Jun潤

映画クレヨンしんちゃん 謎メキ!花の天カス学園のJun潤のレビュー・感想・評価

3.9
2021.08.01

何気にクレヨンしんちゃんの映画を劇場で見るのは初めてですね。
今作は予告の感じから、好きな作品が多いカスカベ防衛隊が活躍しそうでしたし、学園ミステリーというこれまでになく突飛な設定だったので鑑賞です。
監督・脚本は「カンフーボーイズ」の高橋渉×うえのきみこ。

私立天下統一カスカベ学園、通称「天カス学園」に体験入学することになったしんちゃん達。
その入学は、青春・ミステリー・恋・不良、そしておバカに溢れた波乱の幕開けだった!!

これは予想以上に傑作でしたね。
直近の作品だとトップクラスに良かったです。

まずは今作の軸の一つでもあるミステリーについて。
こちらは子供が見ても分かりやすく、大人が見ても引っ張られるようなミスリードがいくつも張られており、所詮しんちゃんだとナメていた部分はありましたが、予想以上にミステリーとして楽しめました。

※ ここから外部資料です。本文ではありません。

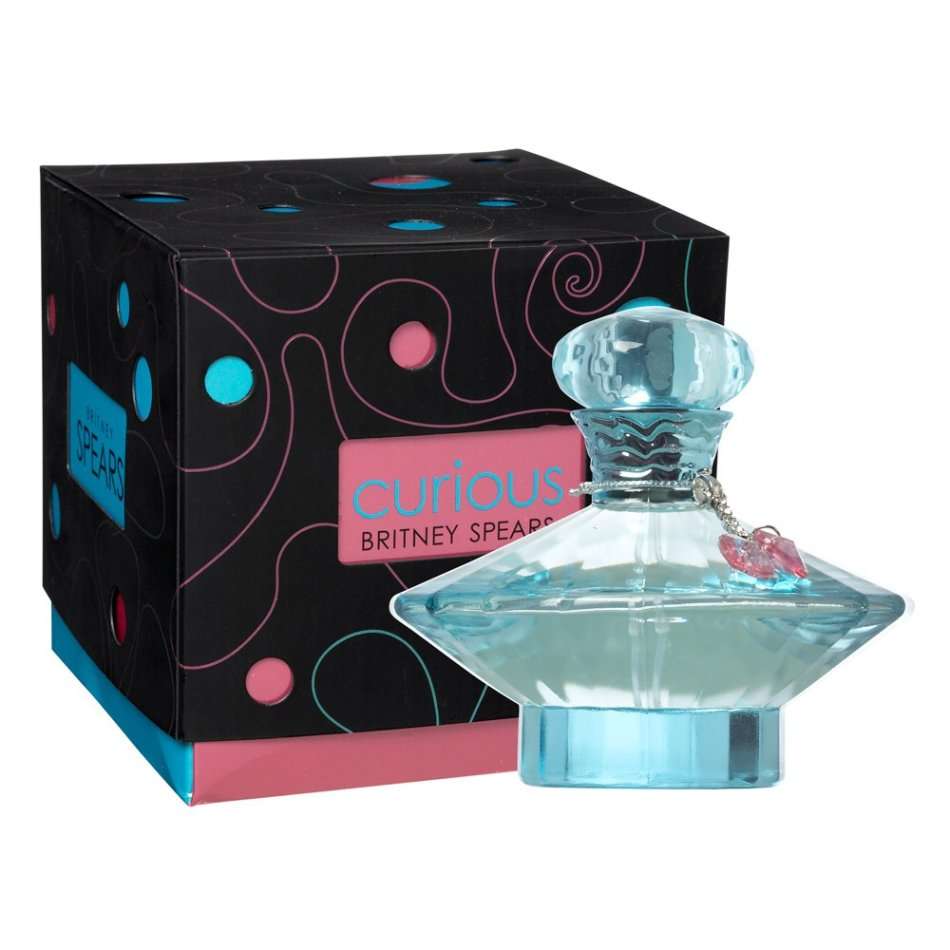 Britney Spears Curious EDP 100 ml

次に学園もの成分について、というより今作で言えばバラエティーに富んだゲストキャラ達ですね。
学園もののキモと言ってもいいこちらについては、エリートに不良、ギャルや変人などなど、最近の学園ものでも類を見ないほどのごちゃ混ぜぶりで、それらが共存するのに無理がない舞台設定でしたし、
持て余すどころか各登場人物が非常にキャラが立っているわ、掘り下げから背景も描かれるわ、終盤で活躍するわで非常にバランス良くキャラクターが生き生きと描かれていたことがとても好印象でした。

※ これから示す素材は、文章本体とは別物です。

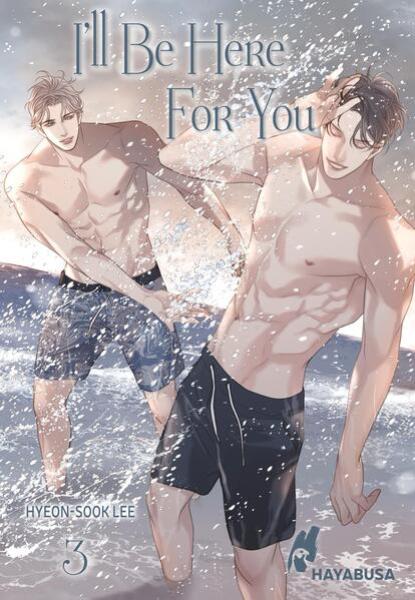 Manga: I'll Be Here For You 3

また、メインのカスカベ防衛隊の面々についても、それぞれに違った活躍の場が設けられていたのはもちろんのこと、今作ではサブに回った野原一家がしんちゃんを想う様子や、風間くんのエリートにこだわる想いから彼らの限りある友情に言及した場面など、テレビシリーズを追っていなくても感動しましたし、追っているからこそ感動できるような場面に仕上がっていたと思います。

ギャグ成分についても、しんちゃんのおバカな様子や事件に巻き込まれておバカになってしまう風間くん、大人でも笑ってしまうような主にマサオくんのハッチャケぶりが極まっていましたね。

「たとえ他人に笑われようと胸を張って笑って生きていてくれればそれでいい」
「青春に無駄なものなんかない」
が今作で特に印象に残ったセリフで、ここにクレヨンしんちゃんらしさ、学園ミステリーという今作らしさが詰まっているように思えました。

他にも自動運転や自立AI、ドローンなど、現代的な作劇も印象的でしたし、ふくらはぎむくみやあつきちしおなどクレしんらしさ全開のネーミングに、ツッコミどころ満載の仕掛けなどなど、細かいところで楽しめるのもクレヨンしんちゃんらしいところですかね。